Oh, I know fanatic members of the Church of the Holy Smoke Haters have a new catechism that says smokers are killing their kids with second hand smoke, and everyone else for that matter. The new weapon sounds ominous and convincing until you check out the research that Joe exposes as junk science, and find out, for example, that second hand smoke in the worst of circumstances is the equivalent of one cigarette a day. There is no research that shows such a small exposure affects anyone’s health. Trust me on that, I’m a doctor. However, the doctor, lawyer, schoolteacher, politician nanny crowd have taken up the chant. No more risks, no more deaths, no more smoke. They chant, they rant, they intimidate hand wringing politicians into interfering in peoples lives. The new rule is, if you can smell it, it will kill you. Well, I am an emergency physican, and I know what it takes to kill you. Second hand smoke is not even on the list.

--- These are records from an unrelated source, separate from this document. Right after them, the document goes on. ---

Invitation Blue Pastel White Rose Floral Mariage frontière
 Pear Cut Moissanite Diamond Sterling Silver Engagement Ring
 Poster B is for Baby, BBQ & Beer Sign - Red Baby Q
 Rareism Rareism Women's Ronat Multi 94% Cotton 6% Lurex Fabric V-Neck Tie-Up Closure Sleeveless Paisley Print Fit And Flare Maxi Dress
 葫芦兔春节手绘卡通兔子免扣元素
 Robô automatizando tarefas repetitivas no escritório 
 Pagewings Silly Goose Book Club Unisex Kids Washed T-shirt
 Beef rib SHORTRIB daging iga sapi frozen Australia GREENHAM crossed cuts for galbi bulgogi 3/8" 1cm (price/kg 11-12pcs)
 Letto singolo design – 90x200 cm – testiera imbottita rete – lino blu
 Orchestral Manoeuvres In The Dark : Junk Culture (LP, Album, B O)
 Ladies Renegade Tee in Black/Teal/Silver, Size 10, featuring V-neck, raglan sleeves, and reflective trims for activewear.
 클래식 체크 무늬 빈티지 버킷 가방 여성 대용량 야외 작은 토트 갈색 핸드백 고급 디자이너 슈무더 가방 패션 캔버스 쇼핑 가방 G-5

Joe give the prisses a couple of good Chicago jabs, and creates a nice healthy space between their attitudes and what should be the rule of a free and civil society—mind your own damn business, and quit claiming injuries based on your ____ anxieties. The Church of the Holy Smoke Haters is built on anxiety, the precautionary principle and the elitist belief that being smart, or thinking you are smart, gives you the right to make other people better, and boss them around.
There is a world of difference between Mike Ditka and the prudes of the Church. Mike bosses because it’s his job. Prudes boss because they suffer from delusions that they are superior.
Joe Bast in this book of essays, takes a couple of swings at that modern elitist conceits and meddling attitudes, he discusses in a sensible way how they have generated junk science to get their way, and he reminds us that civility is a little more substantial than worrying about the hypersensitive mouthy members of society. Find me a whiner and I’ll show you a taker, not a giver. The anti smoker crowd take civility and courtesy out of the world. Their lives are dark holes of malicious dislike of their fellow man. They want things to change to their idea of aesthetics. Hey, you fat people, are you listening? Joe Bast is your friend, he believes in the old fashioned version of society, only interfering with individuals when necessary, and not cooking up excuses for being boss.
But Joe, how do you expect to run a think tank dependent on rich old men and ladies for their contributions when you admit to smoking a Swisher Sweet every night? A 30 cent cigar and you expect to be invited to fancy soirees? What will the policy wonks think? Being a common man only goes so far, Joe say you’re smoking something from Nat Sherman, purveyor of fine cigars, and claim that it’s for medicinal purposes.
Did you know, Joe that a study of British Physicians who smoked less than ten cigarettes a day showed they lived longer than non smokers. Cigarette smoke appears, in moderation to be good for preventing dementia and colitis, family quarrels, and it steadies the nerves before and after important sexual encounters. Aristotle said it best—all things in moderation.